*** Opening of ENTRIES SHOWN ***
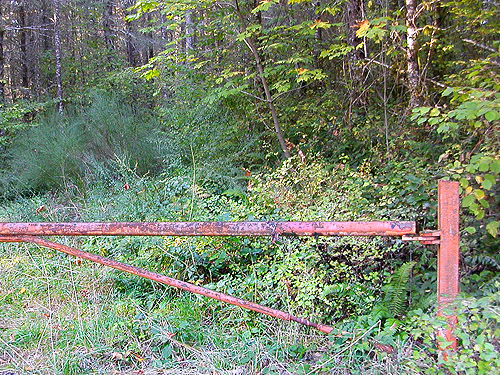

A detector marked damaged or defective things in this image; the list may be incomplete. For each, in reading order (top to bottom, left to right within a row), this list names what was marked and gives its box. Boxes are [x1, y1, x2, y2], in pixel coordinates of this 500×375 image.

rusted metal surface [0, 236, 342, 336]
rusted metal surface [0, 220, 416, 238]
rusty red metal gate [0, 181, 460, 354]
rusted metal surface [436, 181, 458, 354]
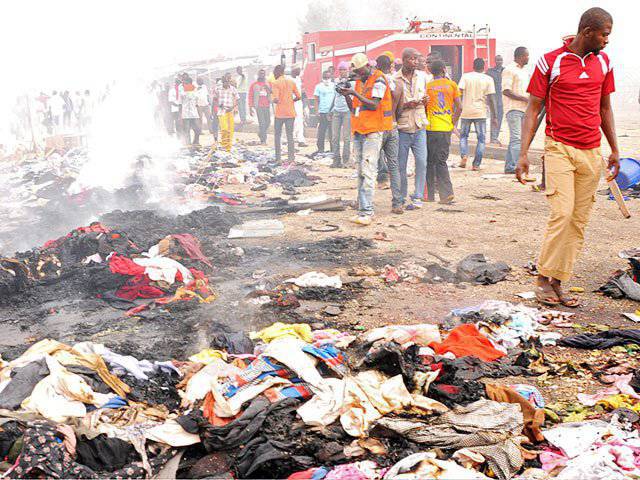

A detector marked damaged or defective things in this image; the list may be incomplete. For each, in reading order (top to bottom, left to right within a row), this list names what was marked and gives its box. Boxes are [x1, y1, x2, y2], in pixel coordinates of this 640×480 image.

burnt fabric [456, 255, 510, 284]
burnt fabric [428, 322, 508, 360]
burnt fabric [556, 330, 640, 348]
burnt fabric [0, 360, 48, 408]
burnt fabric [199, 396, 298, 452]
burnt fabric [488, 382, 544, 442]
burnt fabric [8, 422, 172, 478]
burnt fabric [76, 434, 139, 470]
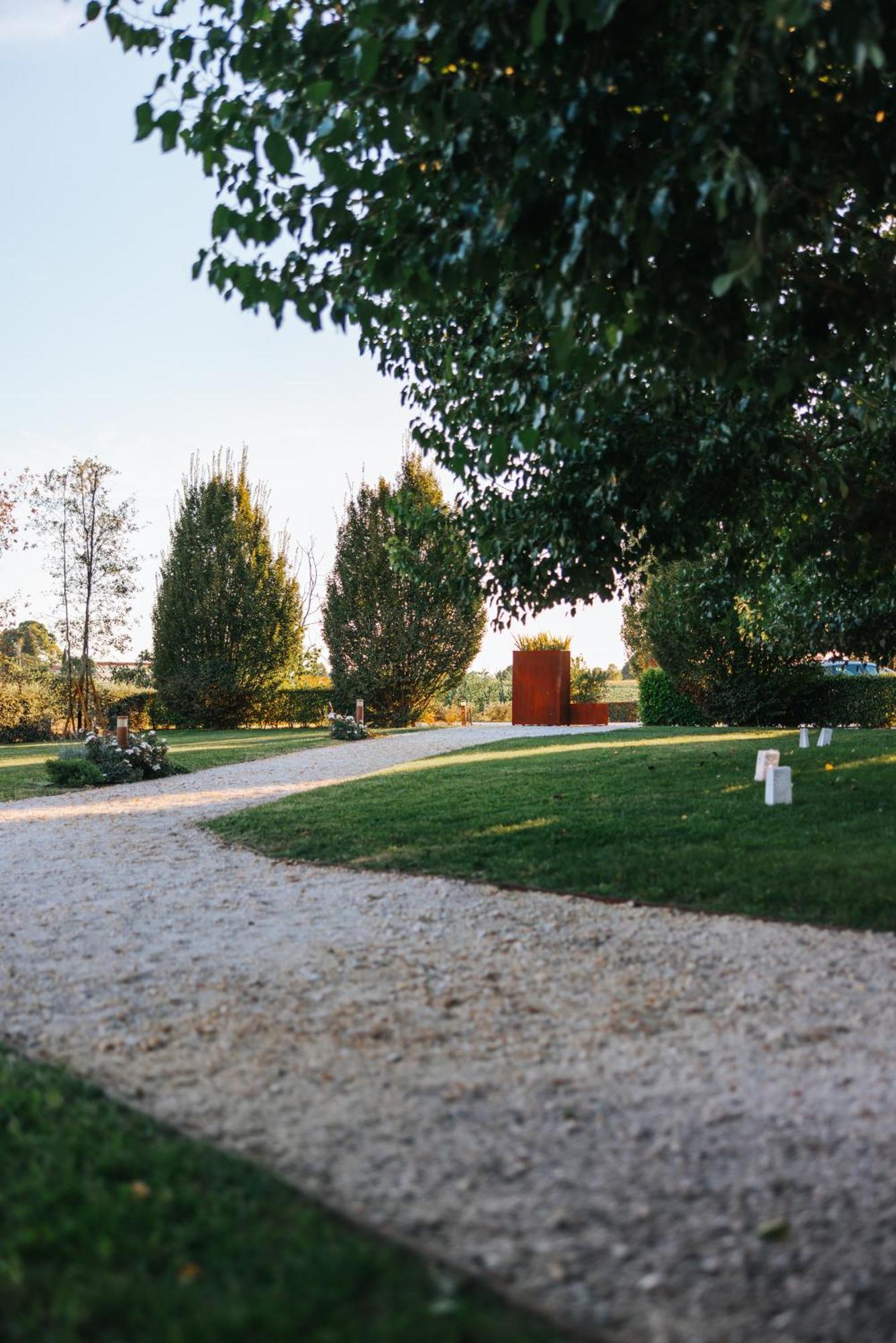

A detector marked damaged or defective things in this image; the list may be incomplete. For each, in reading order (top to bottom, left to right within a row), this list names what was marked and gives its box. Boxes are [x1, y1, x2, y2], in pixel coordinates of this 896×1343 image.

rusted corten steel planter [509, 647, 566, 725]
rusted corten steel planter [571, 704, 611, 725]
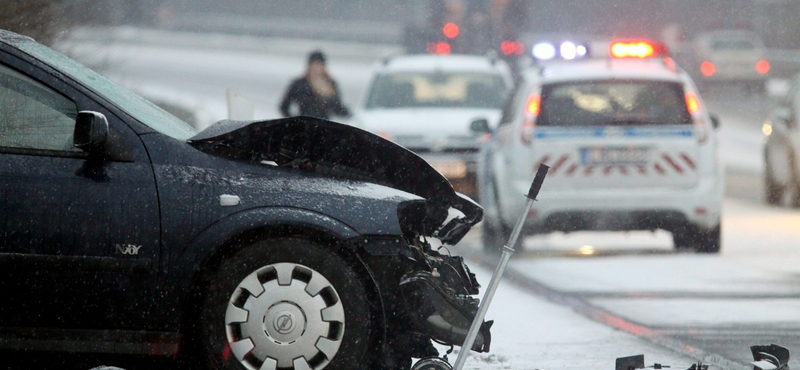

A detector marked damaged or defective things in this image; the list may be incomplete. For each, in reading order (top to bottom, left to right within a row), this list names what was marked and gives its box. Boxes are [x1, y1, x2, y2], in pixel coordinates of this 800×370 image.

damaged black car [0, 29, 488, 370]
second damaged vehicle [0, 29, 490, 370]
crumpled car hood [189, 115, 482, 243]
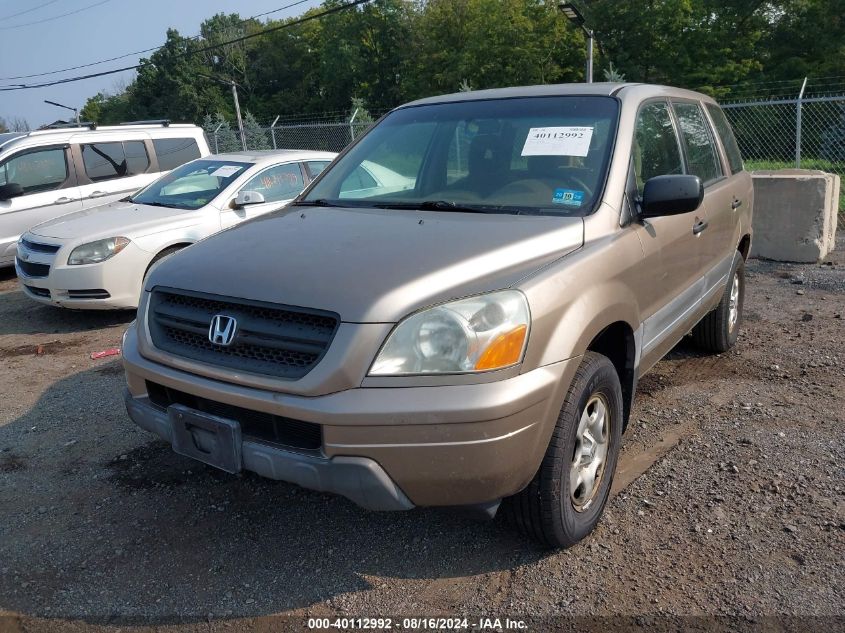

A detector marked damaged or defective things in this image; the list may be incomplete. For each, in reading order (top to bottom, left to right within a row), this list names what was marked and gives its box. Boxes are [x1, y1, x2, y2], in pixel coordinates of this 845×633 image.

missing front license plate [168, 402, 241, 472]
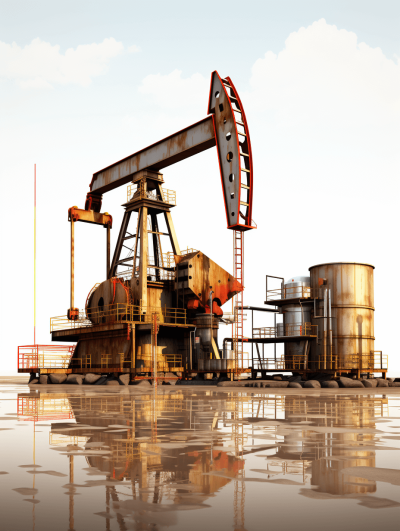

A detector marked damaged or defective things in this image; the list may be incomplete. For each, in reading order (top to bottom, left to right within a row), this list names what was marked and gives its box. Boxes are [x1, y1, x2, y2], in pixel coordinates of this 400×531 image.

rusty metal surface [90, 117, 216, 196]
rusty metal surface [310, 262, 376, 370]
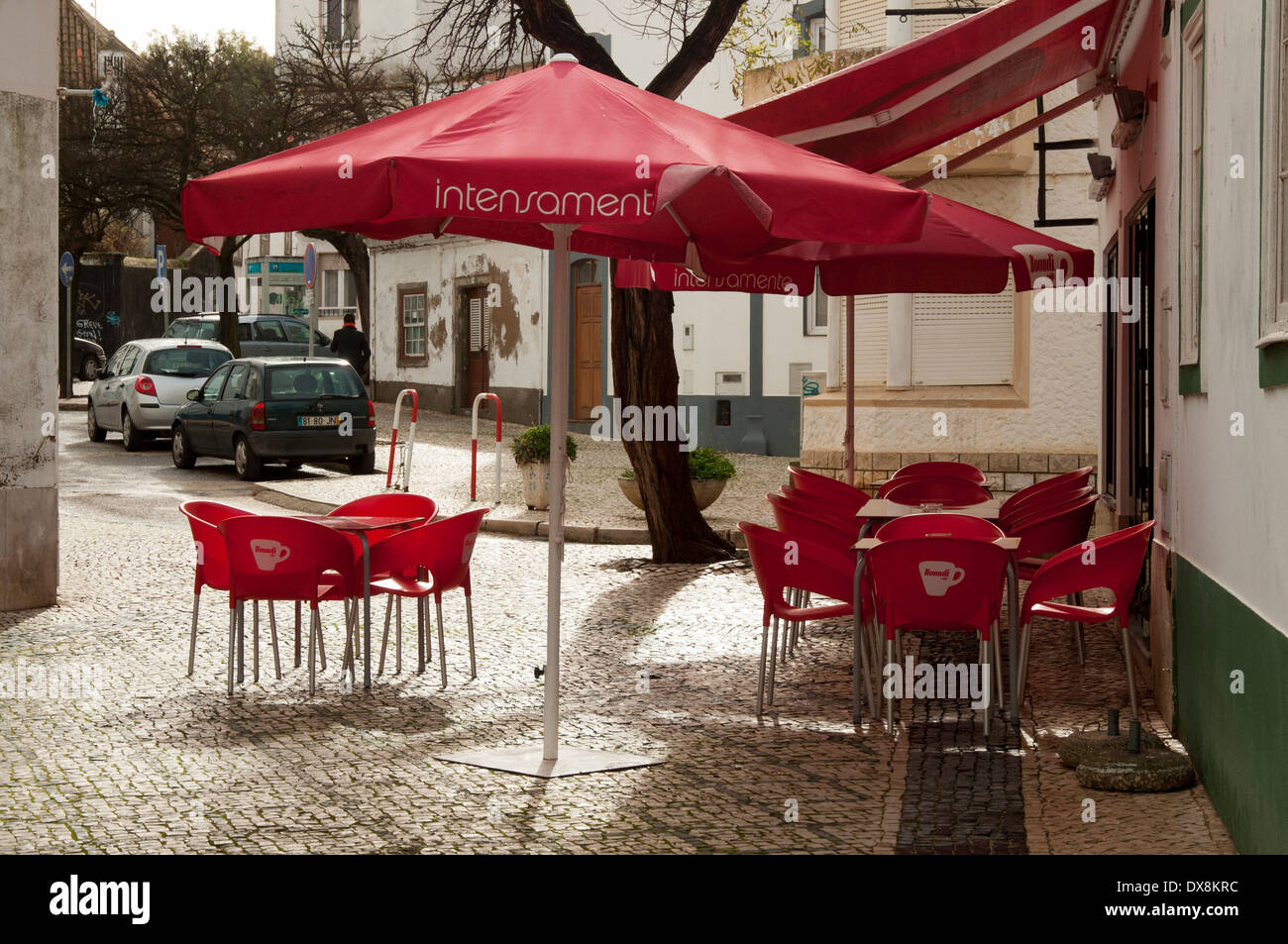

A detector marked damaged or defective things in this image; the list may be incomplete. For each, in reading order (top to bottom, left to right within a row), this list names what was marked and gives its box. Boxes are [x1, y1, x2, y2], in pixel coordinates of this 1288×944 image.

peeling plaster wall [0, 0, 58, 607]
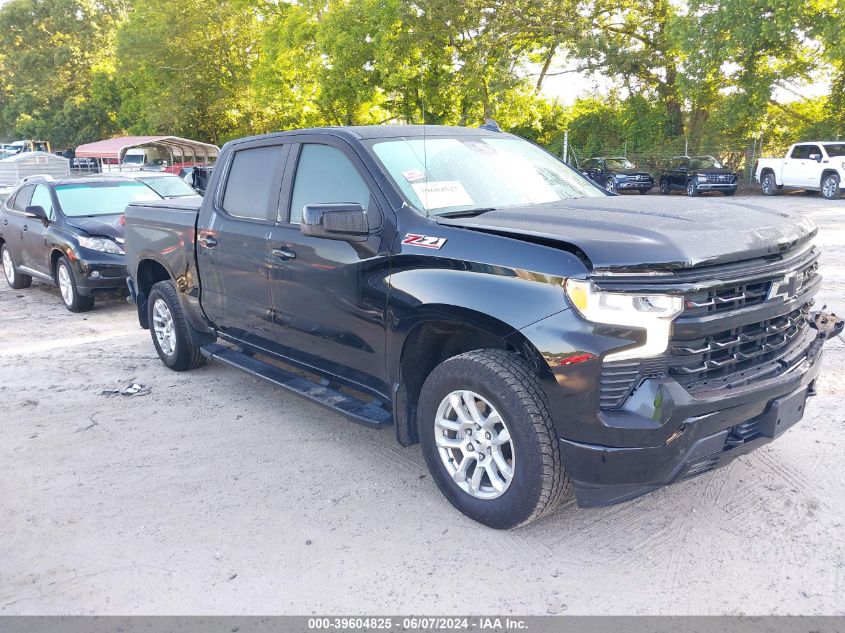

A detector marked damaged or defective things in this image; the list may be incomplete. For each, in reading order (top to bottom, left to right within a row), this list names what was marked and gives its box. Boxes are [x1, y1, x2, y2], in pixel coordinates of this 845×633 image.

damaged front bumper [556, 308, 840, 506]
*** Close of ENTRIES SHOWN ***
> **TASK GOAL**
Reproduce each line above precisely, with no pictures.

> **RESULT**
A detector marked damaged or defective things in this image; the list may be incomplete. For each, in reading order (top to bottom, left to right within a row), this list names what was marked and gives its box. Boxes are [x1, y1, x2, y2], in pixel coordinates of this 500×375 image.

rusted metal surface [0, 236, 342, 336]
rusted metal surface [0, 220, 416, 238]
rusty red metal gate [0, 181, 460, 354]
rusted metal surface [436, 181, 458, 354]

A detector marked damaged or defective things in this image; the list may be incomplete. For each, in reading order (top to bottom, left to right within a row), this list names what was marked and gives its box. Boxes are [x1, y1, x2, y2], in pixel coordinates of this 640×480 image.

burnt fabric [456, 255, 510, 284]
burnt fabric [428, 322, 508, 360]
burnt fabric [556, 330, 640, 348]
burnt fabric [0, 360, 48, 408]
burnt fabric [199, 396, 298, 452]
burnt fabric [488, 382, 544, 442]
burnt fabric [8, 422, 172, 478]
burnt fabric [76, 434, 139, 470]

A detector marked damaged or defective things in this image; the list may be incomplete. For each, in reading order (top to bottom, left to right within a row), this list names what was marked and gives its box. Boxes are [x1, y1, x2, y2], in pixel coordinates of this 896×1343 image.

rusted corten steel planter [509, 647, 566, 725]
rusted corten steel planter [571, 704, 611, 725]

A detector marked damaged or defective things in this image; the list may be incomplete. For each, in reading order (top to bottom, left to right within a row), this list names what was marked and gives its box. Boxes are [x1, y1, x2, y2], in pixel coordinates of this 800×370 image.

damaged black car [0, 29, 488, 370]
second damaged vehicle [0, 29, 490, 370]
crumpled car hood [189, 115, 482, 243]

A detector marked damaged or defective things in this image; the list may be incomplete. For each, in reading order (top to bottom, left to right within a row), this list names what was marked and gives its box. Boxes are [x1, y1, x2, y2], in pixel coordinates of this 845×633 image.

missing front license plate [168, 402, 241, 472]

A detector marked damaged or defective things in this image; the list may be incomplete. For each, in reading order (top to bottom, left to right within a row), this list names what was marked and gives its box. Boxes are [x1, y1, x2, y2], in pixel coordinates of this 400×531 image.

rusty metal surface [90, 117, 216, 196]
rusty metal surface [310, 262, 376, 370]

A detector marked damaged or defective things in this image; the list may be incomplete. For each, in reading order (top to bottom, left to right within a row), this list names what was marked and gives its box. Boxes are [x1, y1, x2, y2], in pixel coordinates of this 1288×944 image.

peeling plaster wall [0, 0, 58, 607]

A detector marked damaged or defective things in this image; the list may be incomplete. For each, in reading order (top to bottom, left to right within a row), this list names what was marked and gives its box. Boxes are [x1, y1, x2, y2], in pixel coordinates of this 845×633 image.

damaged front bumper [556, 308, 840, 506]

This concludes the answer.